Bu alanların varlığının yanı sıra erişiminin de toplumun her kesimine açık olması gerekmektedir. Böylece sürdürülebilir şehirler ve topluluklar için gerekli olan kapsayıcılık da sağlanmış olur.
Atık Yönetiminin Geliştirilmesi
Döngüsel ekonominin de temelinde bulunan atık yönetimi, kaynakların daha sorumlu kullanılması ile sonuçlanır.
Azalt – Yeniden Kullan – Geri Dönüştür: Bilinçli ham madde kullanımı ile ürün ve bileşenlerin tekrar değerlendirmesini ifade eden döngüsel bir süreç.
Bu döngüsel üretim ve tüketim modeli, başarılı bir atık yönetiminin temelini oluşturur. Sürdürülebilir şehirlerin ve toplulukların atık yönetimi alanında yenilikçi olması gerekmektedir.
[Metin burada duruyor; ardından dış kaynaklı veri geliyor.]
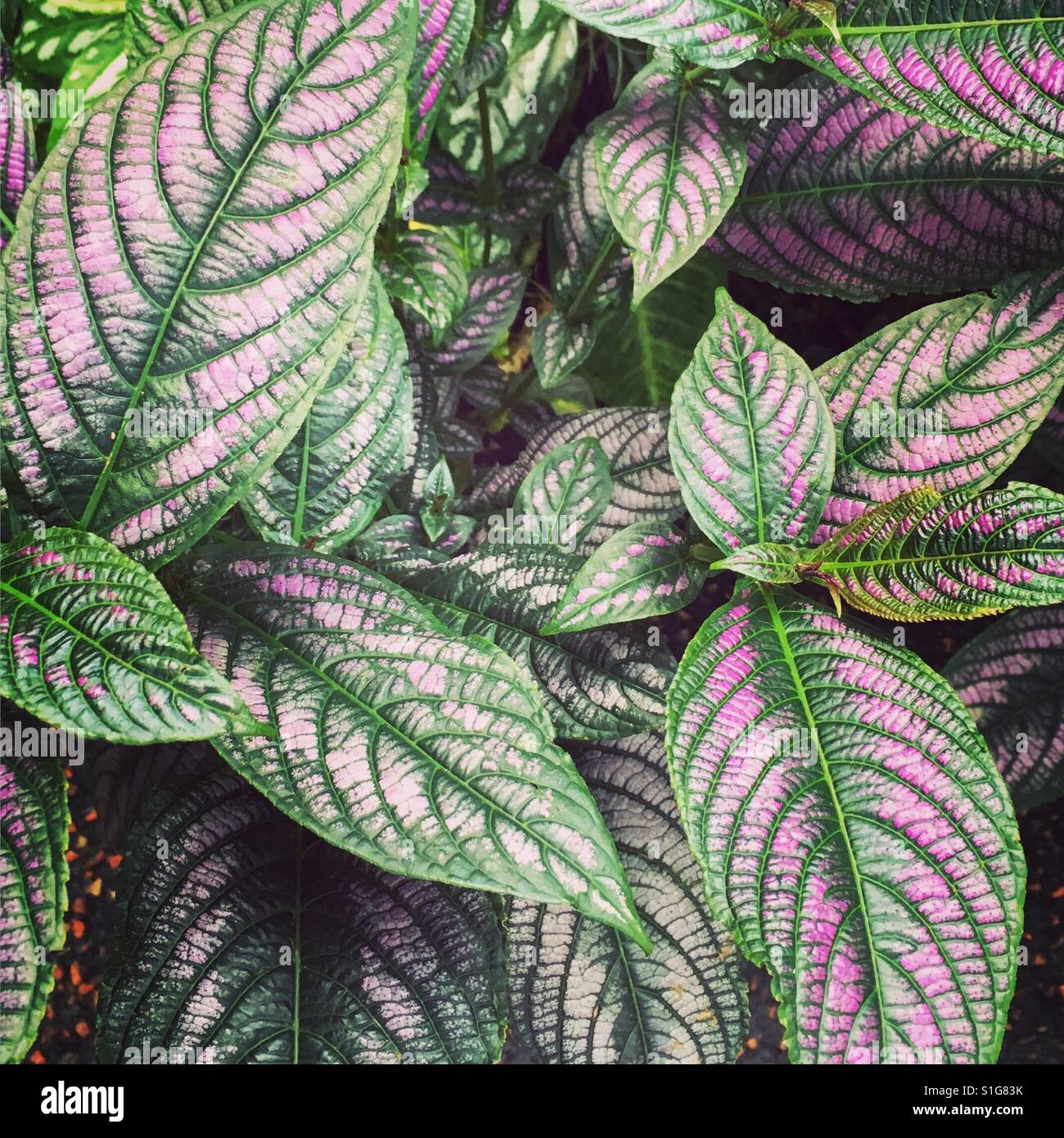 Plants purple leaves hi-res stock photography and images - Alamy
Japonya’nın Kamikatsu kasabası sıfır atık hedefi kapsamında geliştirdiği yöntemlerle geri dönüşüm alanında başarılı bir örnek sunmaktadır. Kamikatsu kasabasında hem atıkların hem de emisyonları sıfırlanması hedeflenmektedir.
Yenilenebilir Enerji Kullanımı
Yenilenebilir veya tükenmeyen enerji, doğal olarak var olan ve kendi kendine yenilenen kaynaklardan elde edilen temiz enerji türüdür. Bu kaynaklardan üretilen enerji türlerinin kullanımı arttıkça çevresel etki de azalmaktadır.
Artan enerji ihtiyacının sınırsız kaynaklara karşılanması hem verimli hem de çevreci bir çözüm sunmaktadır. Şehir ve toplulukların sağlıklı bir şekilde enerji ihtiyacını karşılayabilmesi doğal kaynakların düzenli bir şekilde kullanılmasına bağlıdır.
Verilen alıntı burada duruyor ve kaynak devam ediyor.